'Canned-Beer Apocalypse'


Which is probably why Dale Katechis, founder of the small Oskar Blues Brewery in Lyons, Colo., decided he needed a sense of humor when he became a pioneer canner of microbrew three years ago and declared as his marketing slogan: "The canned-beer apocalypse is upon us." He's had to take a fair amount of flak from fellow craft brewers and overcome a good deal of resistance by some in the microbrew-consuming crowd. The idea, he says, is "to kick holes in the can's lowly image by shoving big, beefy beers into them."

It's hardly been an apocalypse for Oskar Blues. The brewery launched its canning operations in 2002 by filling two cans at a time with a small, $10,000 contraption it bought from Cask Brewing Systems Inc., a Calgary, Alberta, manufacturer of small-scale canning systems. (Indeed, Cask's inexpensive systems have been one catalyst for this microcanning revolution.) From a production of 760 barrels that year, Oskar Blues is on target to produce 4,500 barrels this year, making it one of the fastest-growing small breweries in the U.S. Its two canned offerings -- Dale's Pale Ale and Old Chub Scottish Ale -- have been racking up accolades in beer magazines and on beer-aficionado Web sites -- and attracting competitors.
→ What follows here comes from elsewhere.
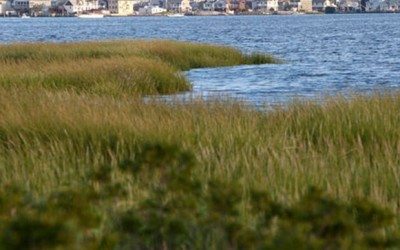 Bill Extends Protection of Jamaica Bay
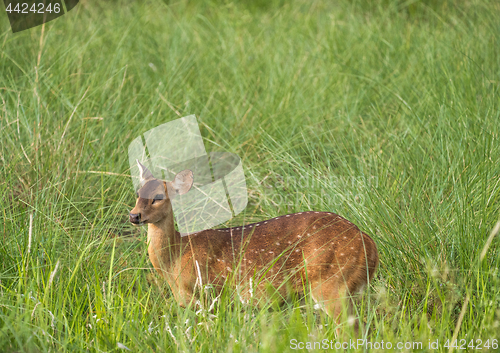 Image of Sika or spotted deer in elephant grass tangle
In 2002, Oskar Blues had a sole rival, Big Sky Brewing Co., a Missoula, Mont., craft-beer maker that had begun putting its Moose Drool Brown Ale in an aluminum container shaped like a long-neck beer bottle. These days, there are about two dozen small U.S. brewers or brewpubs (bars that brew on site) and a half-dozen more breweries in Canada that are canning their offerings. That's admittedly still a small part of what's known as the craft-brew movement -- the 1,350 or so breweries and brewpubs that have rejuvenated the U.S. beer scene over the past two decades by reintroducing lots of once-lost beer styles and putting thousands of beers on the market. The canned-beer trend is strong enough that some in the beer-trade press think it could be a major engine in the growth of craft-brew sales during the next decade.
[Canned Beers]

Craft brewers such as Mr. Katechis are ascribing benefits of canning long touted by the likes of Anheuser-Busch, which first put Budweiser in a can in 1936. Cans are user-friendly. They stack and store well in refrigerators and coolers; they chill quickly and have the tactile benefit of feeling cold; they make nice billboards for their contents; and they are welcomed in many places where bottles often aren't -- around swimming pools, marinas and beaches, on boats and golf courses and aboard commercial airplanes. Indeed, one craft canner, Portland Brewery of Portland, Ore., has gotten its MacTarnahan's Amber ale on Alaska Airlines flights. Cans also block out all light, which along with heat is a major spoiler of beer.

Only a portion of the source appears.